:: INPUT DATA

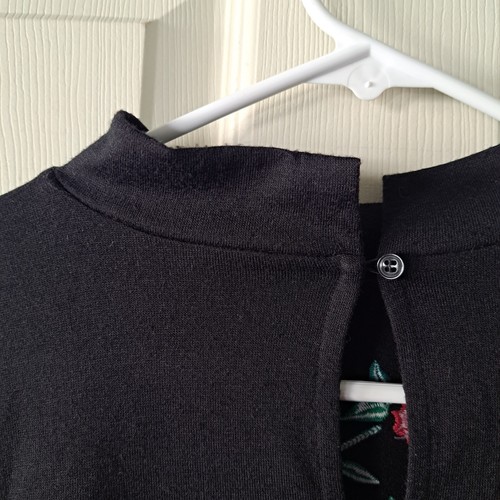 Loft Shirt Women Size S Black Floral Embroidered High Neck Button Back Long Slv - Picture 9 of 13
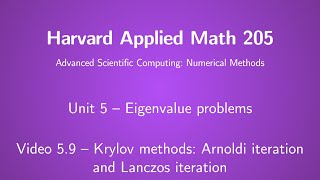 Harvard AM205 video 59  Krylov methods Arnoldi iteration and Lanczos interation [upl. by Terryl579]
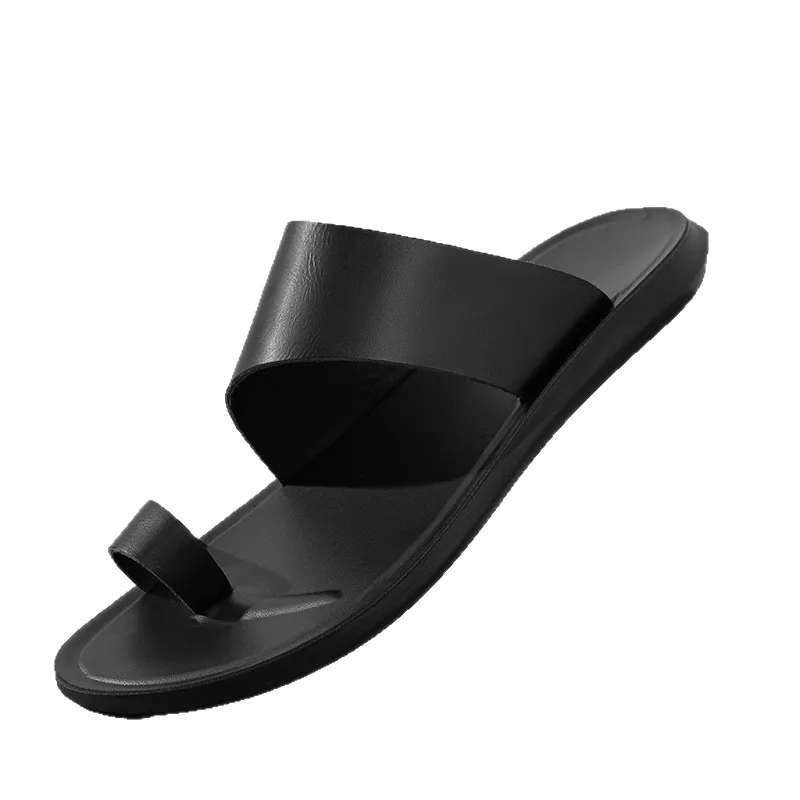 

Men's Slippers Summer New Casual Leather Slipper Comfortable Non-Slip Men Flat Sandals Peep Toe Beach Slippers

::::

WHAT YOU ARE ASKED TO DO — Repeat the material exactly. Any picture in it should be dropped.

OUTPUT OF THE EXERCISE —
 Loft Shirt Women Size S Black Floral Embroidered High Neck Button Back Long Slv - Picture 9 of 13
 Harvard AM205 video 59  Krylov methods Arnoldi iteration and Lanczos interation [upl. by Terryl579]

Men's Slippers Summer New Casual Leather Slipper Comfortable Non-Slip Men Flat Sandals Peep Toe Beach Slippers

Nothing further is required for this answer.